Carlock Copeland & Stair partner Fred Valz III’s filed declaratory judgment action for Allstate stated that the insurer retained a lawyer to defend Kim Roberts after reserving its right to deny coverage. Among its arguments was that her policy catered coverage for an “occurrence” resulting in bodily injury, defined as “an accident . . . resulting in bodily injury . . . arising from the ownership, maintenance or use of the residential premises.”

“However, due to the intentional nature of Bobby Roberts’ conduct, the subject incident did not arise from an ‘occurrence,’ as the term unambiguously defined on the policy, and therefore the policy affords no coverage for any damages or claims arising out of or connected to the underlying lawsuit.”

Last year, Timothy Batten, U.S. District Judge, agreed by writing that while the term “accident” I not defined in the policy, “Georgia courts have construed that the term to signify and ‘unintended happening rather than one occurring through intention or design.’”

Batten mentioned two cases where an insured that shot someone was deemed not to have coverage for the incidents. He said that the Millers had argued that the accident involved Bobby’s surprise arrival at Kim’s house, and that “because Bobby’s appearance was unforeseen by Kim and was not with Kim’s foresight, expectation or design, it can and should be considered an ‘accident’ that set into motion the chain of events from which the underlying lawsuit arises.”

He also wrote that the argument “takes too broad a view of causation,” and fails to address the “operative question” of whether the shooting was deliberate.

Judges Beverly martin, Robin Rosenbaum and R. Lanier Anderson have reversed Batten’s summary judgment grant to Allstate was reversed six days ago in an unpublished opinion.

The opinion stated that while neither party provided controlling authority on what Georgia law defines as an “accident,” Georgia case law indicates that the question of whether an event took place unexpectedly “must be asked from the viewpoint of the insured.”

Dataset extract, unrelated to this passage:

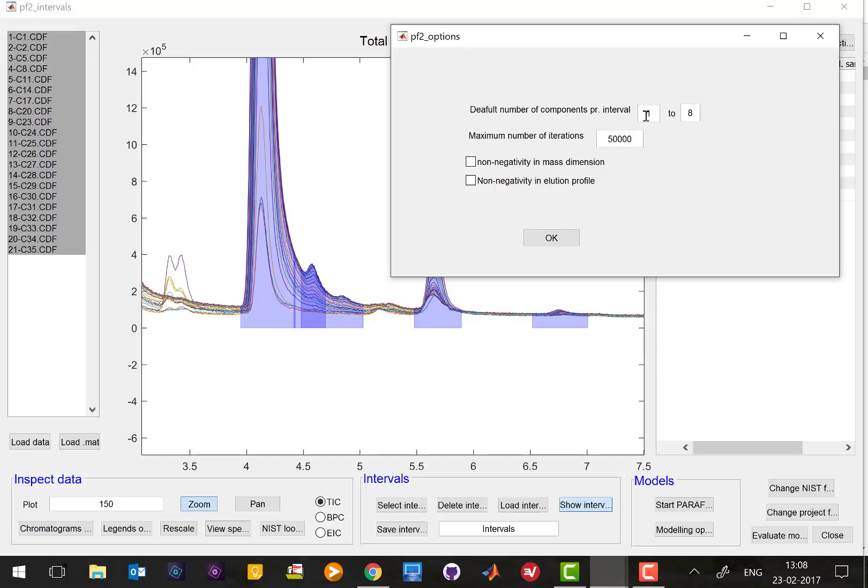You have to press the modeling options and then you have to choose how many components you think there could be. So the settings here says I'm going to investigate in every interval from one to eight components and as a basic setting that's fine. If there are more than eight in some intervals you will see that later on and we will explain how you can fix that.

Using a case where a child died on an insured’s property and another in where an elderly woman was attacked in a nursing home, the panel said that Georgia appellate courts in both cases found the fact that an action was intentional did not mean it was not an accident from the policyholder’s perspective.

Valz and Charles McDaniel Jr., Allstate attorneys, did not respond to comment requests.